Sorry, Jack, no seat for you at the table:
As we reported earlier, Trump sat down with top tech executives, including several of his sharpest critics, to mend fences after a divisive election in which virtually all of Silicon Valley backed Hillary Clinton. Trump was heading into hostile territory – with the exception of PayPal co-founder Peter Thiel, Silicon Valley shunned the New York billionaire during the presidential campaign, throwing their weight behind his Democratic rival Clinton.
The tech talks, convened by Trump, bought together numerous CEOs such as Tim Cook of Apple, Satya Nadella of Microsoft, Larry Page of Alphabet (Google) and Brian Krzanich of Intel, among others. In addition to Trump nemesis Jeff Bezos, also on the guest list are Tesla and SpaceX founder Elon Musk, Facebook’s chief operating officer Sheryl Sandberg and Oracle chief executive Safra Catz.
We now know the answer why Dorsey was MIA: according to Politico, Twitter was told it was “bounced” from Wednesday’s meeting between tech executives and President-elect Donald Trump in retribution for refusing during the campaign to allow an emoji version of the hashtag #CrookedHillary, according to a source close to the situation.
Play fair or be frozen out. The God-Emperor hasn’t even Ascended yet and he’s already laying down the law.

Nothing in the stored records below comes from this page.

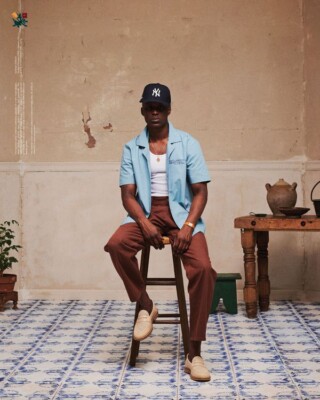 AIME LEON DORE ウールパンツ Sサイズ Tropical Wool Elasticated Waist Suit Trouser – Aimé Leon Dore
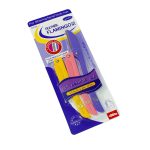 موس تنظيف شعر الوجه فلامينجوس الاصلي 3 شفرات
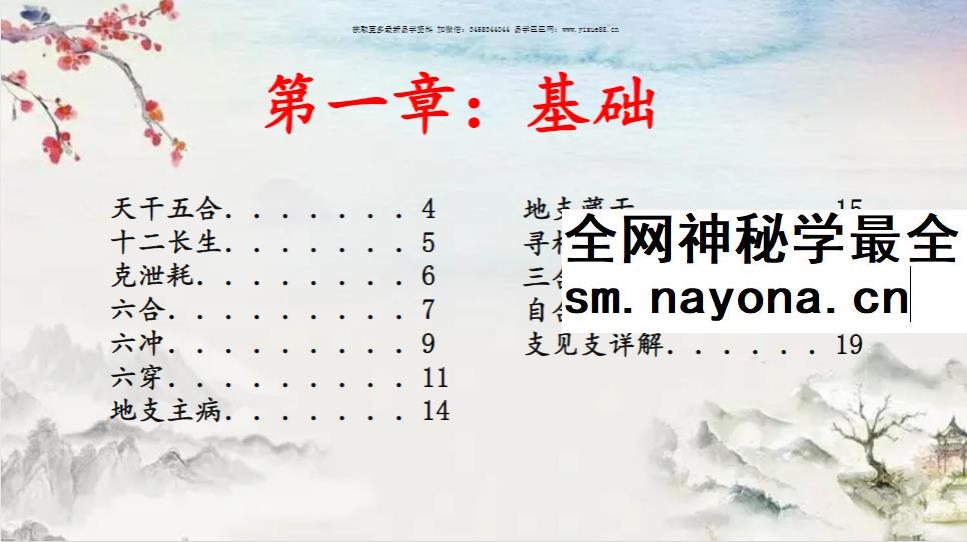 崔文举《癸卯年 盲派八字笔记》297页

It’s going to be interesting to see how the Trump administration wields the IRS once it assumes control.
And, in the meantime:
Officials at FBI headquarters instructed its New York field office to continue its corruption investigation into the Clinton Foundation following the election of Republican candidate Donald Trump, according to a former senior law enforcement official.
The instructions ordered agents to “go forward” with their ongoing inquiry into the Clinton Foundation which is focusing on issues of corruption and money laundering, according to the source.
“There were no instructions to shut it down, to discontinue or to stand down on the investigation, but to continue its work,” the former official told the Daily Caller News Foundation in an interview.